Siem Reap: Experience Cambodian Culture without Being Stripped Off the Modern Amenities
Siem Reap is the capital city of the province of the same name, which is located in the northwestern part of the country of Cambodia. It’s the popular gateway to the Angkor region, where you can find the UNESCO World Heritage site Angkor Archaeological Park. Since the famous site does not offer accommodation, tourists who visit there usually eat and stay in nearby towns, Siem Reap being the most popular.
Even if you’re not planning to visit the park, the city is still a good place to take your vacation as it lets you experience the culture of Cambodia, while still being able to enjoy the amenities of modern living. If visiting Siem Reap, here are the things that you shouldn’t miss for the most memorable stay.

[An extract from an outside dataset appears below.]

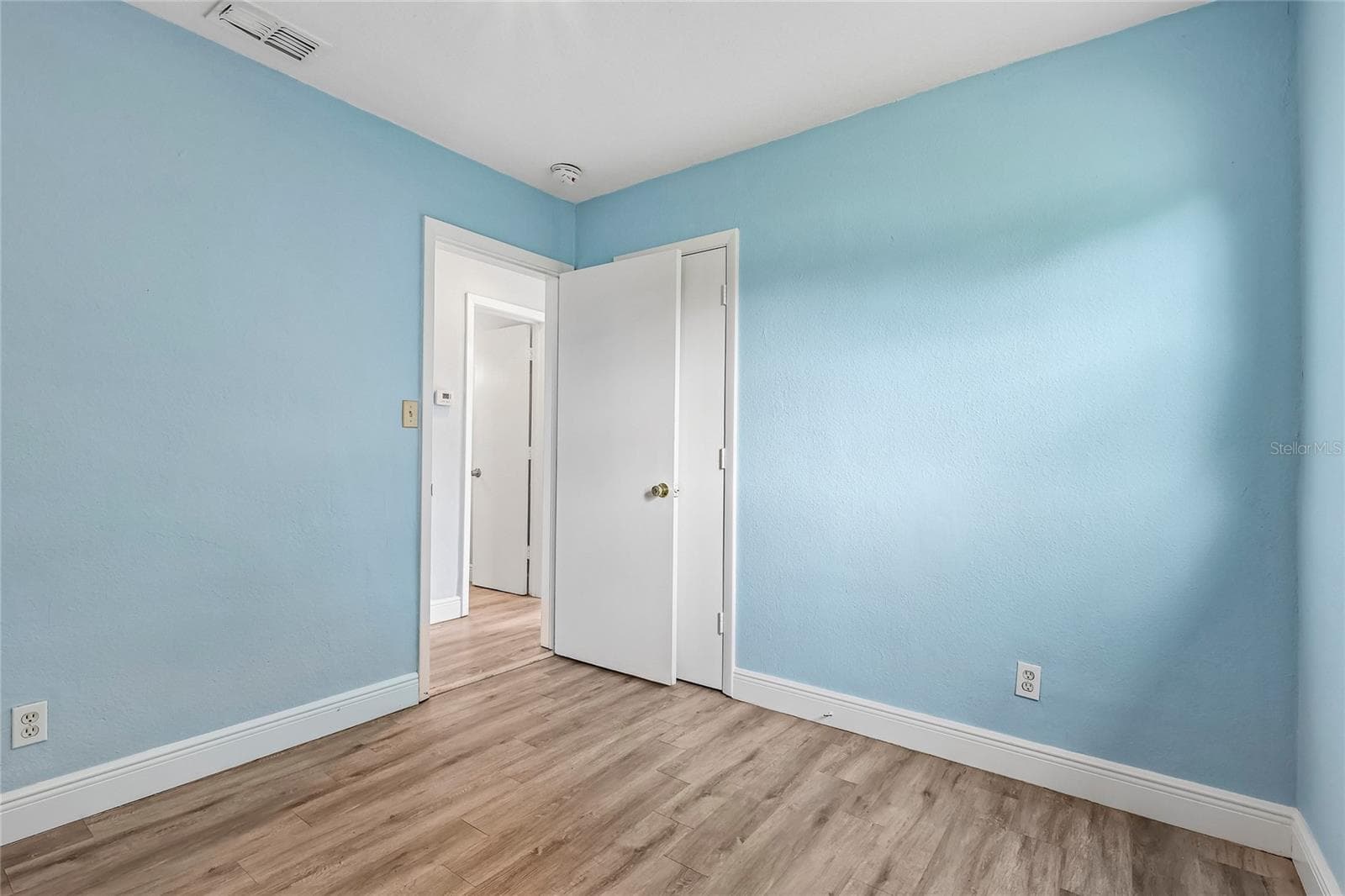 Single Family Residence at 4821 SHOSHONE ST, ORLANDO, photo 13 of 33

Visit the Angkor Archaeological Park and Other Temples
Many tourists go to Siem Reap as this is the passageway for seeing the famous Angkor Archaeological Park. Even if you were not planning to visit the park and is solely there for a Siem Reap vacation, why not check the park out since you’re near the site anyway. It’s not only an important site in the country of Cambodia, but in the entire South East Asia. The three biggest temples in the park are Angkor Wat, Ta Prohm and Angkor Thom. There are also several other temples to visit around Siem Reap. Wat Preah Prom Rath and Wat Preah Enkosei are some of the ones that you could check out.

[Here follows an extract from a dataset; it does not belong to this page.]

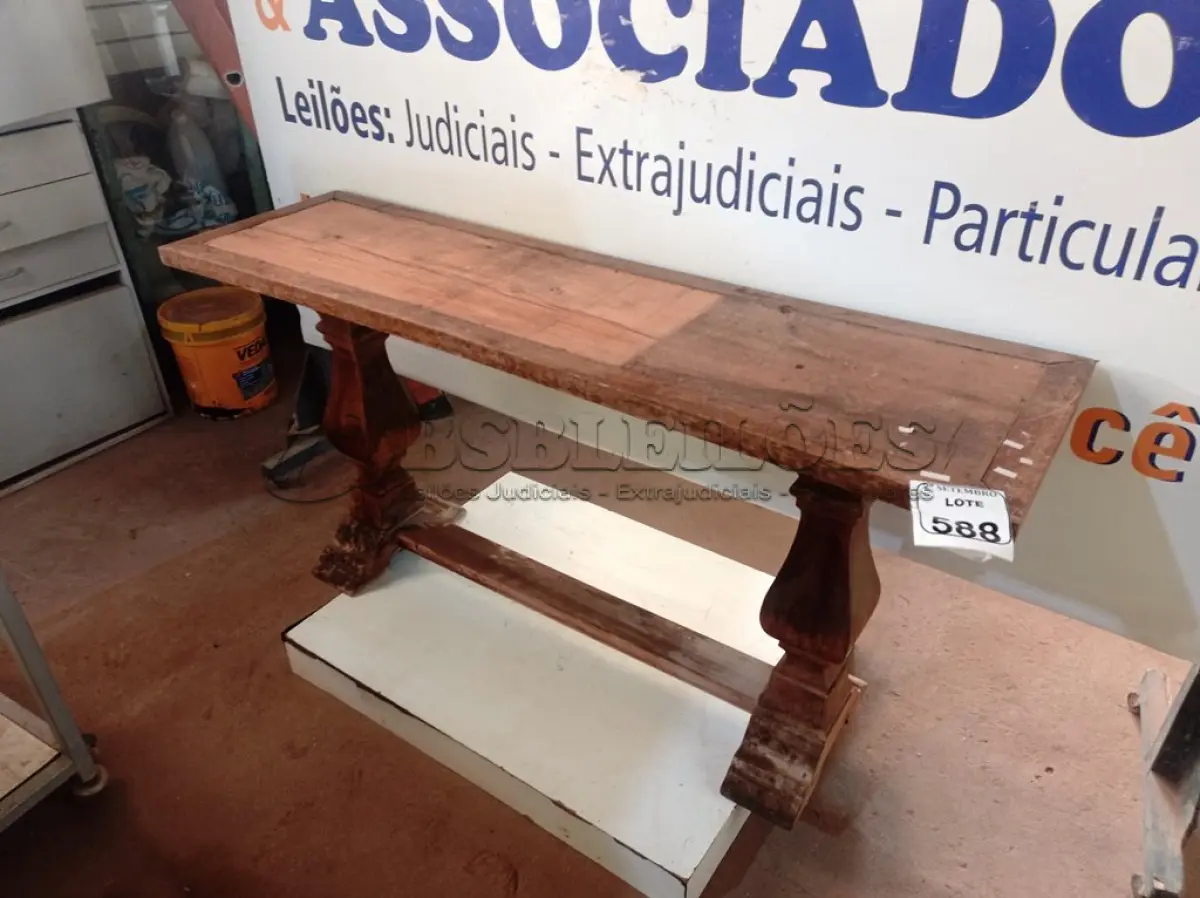 LOTE 588 - 01 APARADOR EM MADEIRA. (NO ESTADO) ATENÇÃO! FAZER A VISITAÇÃO ANTES DE ARREMATAR, NÃO SABEMOS SE FUNCIONA. LEILÃO NÃO TEM GARANTIA E NEM DEVOLUÇÃO, SUJEITO A POSSÍVEIS AVARIAS VISÍVEIS/OCULTAS E/OU AUSÊNCIA DE COMPONENTES.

Go Around the City on a Tuk-Tuk
It’s the most popular transportation in Cambodia and it’s also a convenient and cheap way to go around the city or for temple hopping. A ride can cost you around $2, although you can bargain to lower it to a dollar if you’re good at it. If you’re a little adventurous, you may also try riding a motodop or a motorbike taxi. You need to ride at the back of the motorbike, but make sure to request for a helmet for your safety. Bikes are also available for hire around the city. There are bikes being rented by NGOs, which proceeds are used for various projects for helping the poor. Try to find these so not only you’ll be able to see the city at your own phase, but you’re also able to contribute at a good cause.

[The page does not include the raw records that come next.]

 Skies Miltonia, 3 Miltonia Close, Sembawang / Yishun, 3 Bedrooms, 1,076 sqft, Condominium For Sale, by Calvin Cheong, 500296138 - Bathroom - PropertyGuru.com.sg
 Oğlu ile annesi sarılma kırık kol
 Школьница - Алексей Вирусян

Try Local Foods in Siem Reap
Cambodian foods would not disappoint you. You’ll find budget eateries to high end restaurants around the city of Siem Reap. However, if you want to experience the local living, eat where and what the ordinary people usually eat. There are several food stalls around the city, especially Phsar Leu and Phsar Chas. Dishes are very affordable and one often costs around $1.25. Some of the most popular dishes to try are fried noodles, fried and fresh spring rolls, kuy teav or pork noodle broth, bai sach chrouk or pork barbecue on top of rice and babor or congee. If you’re a little adventurous, you may also try some unique delicacies, including balut, crunchy crickets and fried spiders.
Enroll in a Cooking Class
There’s a big chance that you’ll fall in love with Cambodian cuisine. You may enroll in a cooking class during your stay to learn how to prepare authentic Cambodian dishes that you can do yourself when you get back home. The chef teaching the class will guide you to the market so you would be familiar with the many ingredients used in cooking Cambodian foods.
Get a Massage
After touring the city the whole day, it’s time for a relaxing massage. Spas and massage salons are everywhere. If you haven’t tried fish foot massage before, this is the best time to give it a go. The tiny fishes will remove the dead skin from your feet and it can cost for only a dollar for a 15 minute massage.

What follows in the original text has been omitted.